Navigating multiple identities
For almost two decades, policymakers inside and outside Iraq have been puzzled by Sadr’s consequential but highly sporadic decision-making. Many who have engaged with him during this time have expressed frustration at their own inability to predict his next move – or his next tweet. Those who have taken Sadrist rhetoric at face value have often been left feeling surprised, or even betrayed.
Most recently, after the 2021 election, Western and Iraqi policymakers and analysts were again confronted with Sadr’s rhetoric on anti-corruption and reform. Some US and Iraqi policymakers saw Sadr as an important channel for furthering their interests – a tool to combat Iran, support their preferred prime minister Mustafa al-Kadhimi, and reform the struggling Iraqi political system. One former adviser to Kadhimi wrote in May 2022 that Sadr had ‘become the sole possible reformer who can overhaul a hopelessly failed political system’. This support persisted even after the Sadrists had violently suppressed mass protests which had begun in October 2019 (known locally as Thawrat Tishreen – the October Revolution) and called for an end to the corrupt ethno-sectarian basis for the political system (muhasasa).

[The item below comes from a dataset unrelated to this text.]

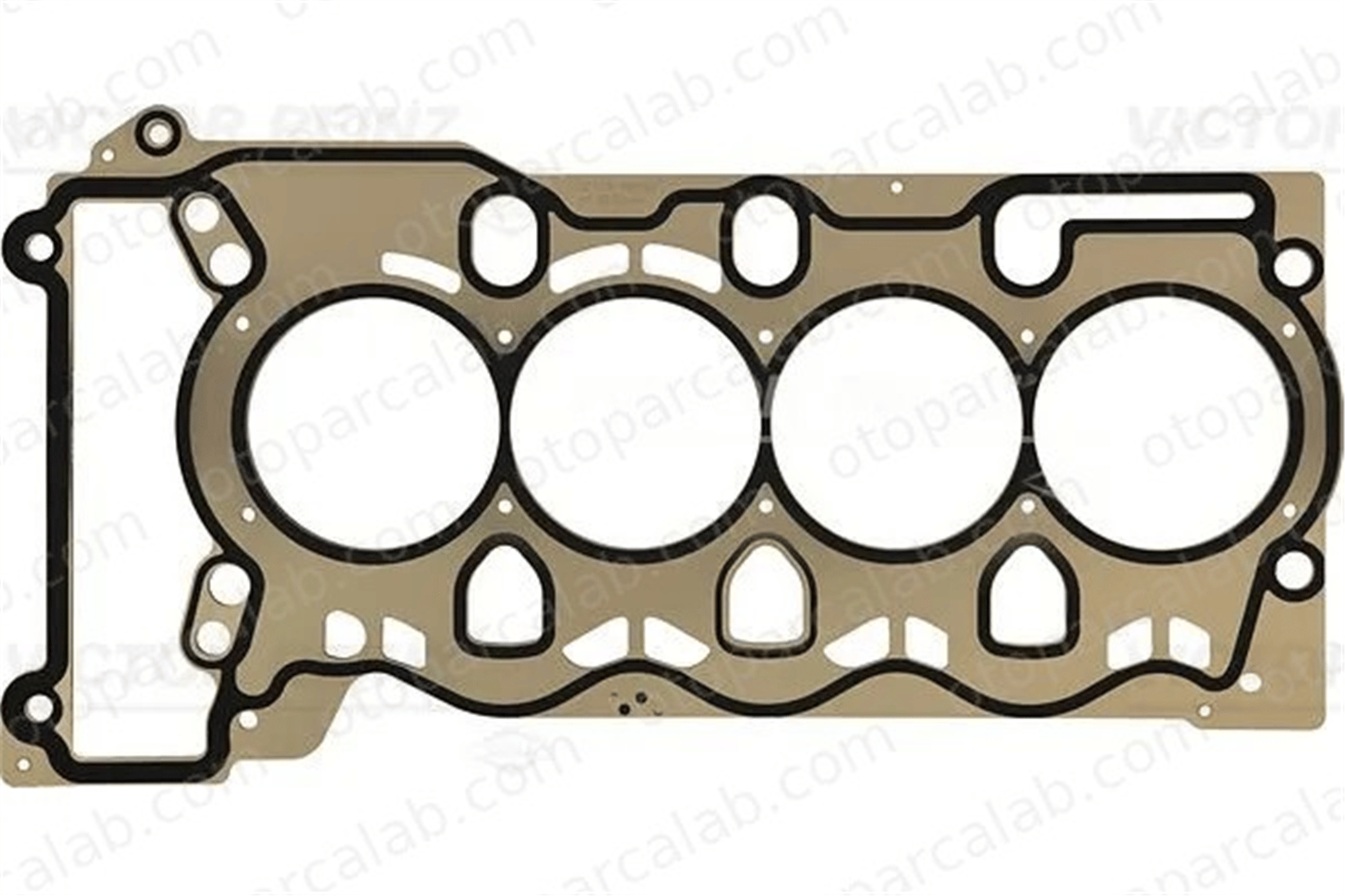 REINZ 61-38130-00 Silindir Kapak Contası BMW 3 11127557933 7557933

However, relying on Sadr as an ally for policy or reform is at best a short-term strategy. In the longer term, this approach not only misreads the intentions of the Sadrist movement, but it also risks stifling more genuine reformist currents in political and civil society. Meanwhile, the anticipated gains vis-à-vis Iran will be superficial and are likely to be traded away by Sadr if he consolidates a more dominant leadership position within the Shia Islamist bloc. Ultimately, this approach has emboldened the Sadrists to adopt more risky positions, while intensifying intra-elite competition over the state.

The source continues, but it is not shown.